Franklin Humanities Institute

The Warehouse is home to the Humanities Laboratories initiative, which aims to contribute to Duke's research and pedagogical missions by convening groups of faculty, graduate students, and undergraduates around discipline-crossing projects, in spaces designed specifically to facilitate collaborative work.

Complementing historic strengths in supporting faculty and graduate scholarship (notably through the twelve Annual Seminars they hosted between 1999 and 2011), the Labs invite undergraduates to participate as researchers themselves, helping to define emerging and future areas of humanistic inquiry.

Conceived as a "laboratory" for humanists from diverse disciplines, each annual seminar focuses on a theme or problem with broad historical, philosophical, or geographical scope.
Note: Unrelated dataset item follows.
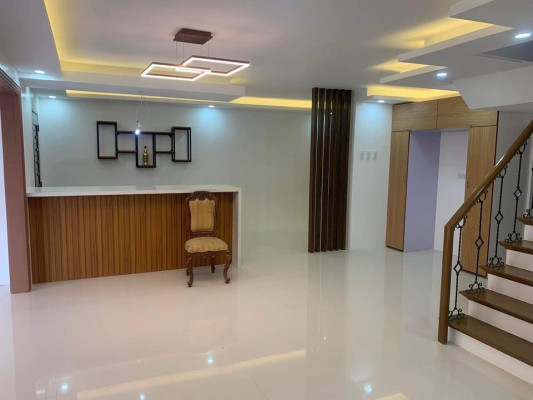 TWO STOREY HOUSE AND LOT FOR SALE!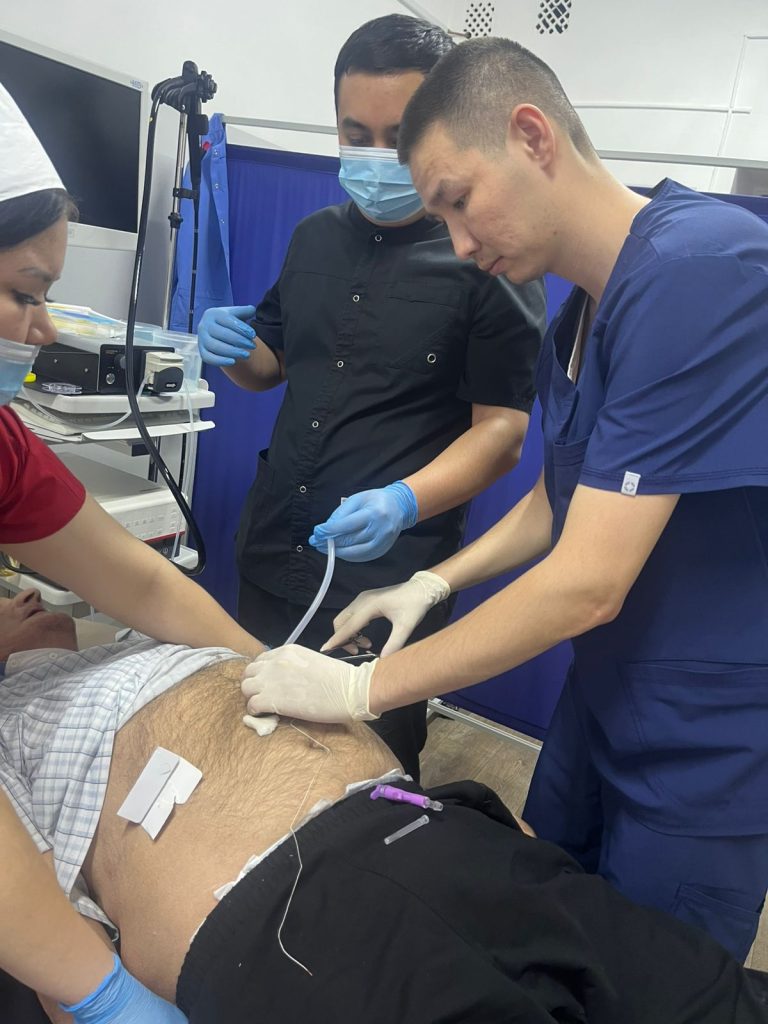 В Карасайской ЦРБ впервые проведена малоинвазивная операция ПЭГ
These limited-term labs include dedicated space in the historic Smith Warehouse home of the FHI, and are organized around a research area and specific projects and promote vertical integration among undergraduates, graduates, and faculty.

Since 2002, series speakers have included the Harvard historian Evelyn Brooks Higginbotham, the Ciompi Quartet violinist Hsiao-mei Ku, Radio France Internationale Correspondent Dominique Roch, the writer and human rights activist Ariel Dorfman, as well as John Hope Franklin himself.

The Mellon Annual Distinguished Lecture in Humanities has featured well-known scholars from many fields and from across the globe, including the philosopher Kwame Anthony Appiah, the British filmmaker Isaac Julien, the Dutch cultural theorist and video artist Mieke Bal, the Indian historian Romila Thapar, and the US literary critic Emory Elliott.